TL;DR
I propose to refactor existing TableGen code to actively include the TableGen files they need. This makes using tablegen-lsp-server
, TableGen’s Language Server Protocol (LSP) server, on TableGen code outside MLIR and especially those in LLVM backends, much easier.
Having a useful LSP for (generic) TableGen code improves productivity and fosters a more friendly environment for beginners to learn, let’s say, LLVM backend development. In the following RFC I will show my motivation, problem statements, my solution and preliminary refactoring results, as well as the current limitations.
Motivation
Language Server Protocol (LSP) is a open standard for creating modular syntax highlighting, semantic analysis, and code completion solutions for code editors and IDEs. Usually a IDE would be a LSP client, sending request like “go to the definition of this symbol” to LSP server, which analyzes the code and return the result (e.g. “the definition is at line 98 column 7”).
TableGen (TG) is a Domain Specific Language (DSL) for LLVM and its subprojects. LLVM backends and MLIR are two of the biggest users. Both have substantial amount of TG code – over 300 and 44 KLOC and growing, respectively. For both LLVM backends and MLIR, TG code is the backbone of their development, thus having a LSP for TG is not just essential but somewhat critical to the productivity.
Last year (2022) @River707 pushed a LSP server implementation for TG, tablegen-lsp-server
, to upstream MLIR codebase. Such LSP server has been serves pretty well for TG code in MLIR since then.

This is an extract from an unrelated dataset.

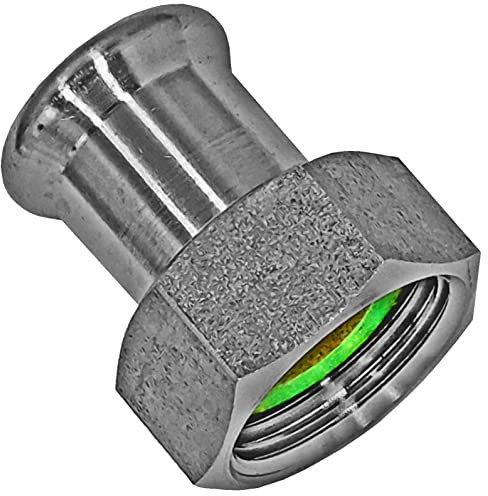 MegaHaustechnik Edelstahl V4A Press Fitting Anschlussverschraubung mit 1/2 Zoll Überwurfmutter Innengewinde mit Dichtung i-IG Muffen Anschluss zum Verpressen für Rohr Außendurchmesser 15mm M Kontur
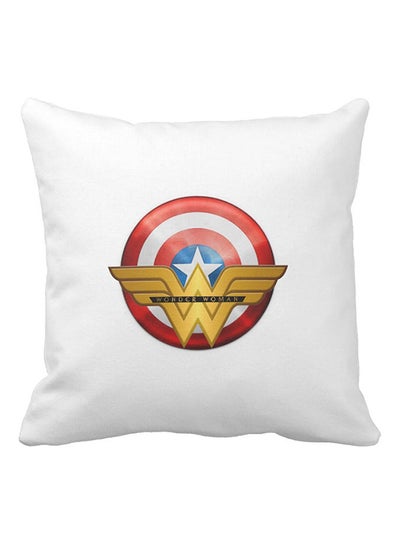 Buy Wonder Woman Printed Pillow White/Red/Yellow 40x40centimeter in UAE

But here is the catch: tablegen-lsp-server
basically only works for TG in MLIR. For TG code in LLVM backends, it cannot analyze the majority of the files. @MzFlrx has also raised a concern on this early this year. The culprit of this problem is that tablegen-lsp-server
only analyzes the TG file users requested + whatever files it includes. However, TG files in LLVM backend have an exotic if not weird include strategy / hierarchy (which I’ll cover in the Problem Statements that follows) so it’s almost certain the LSP server will fail to even parse the file.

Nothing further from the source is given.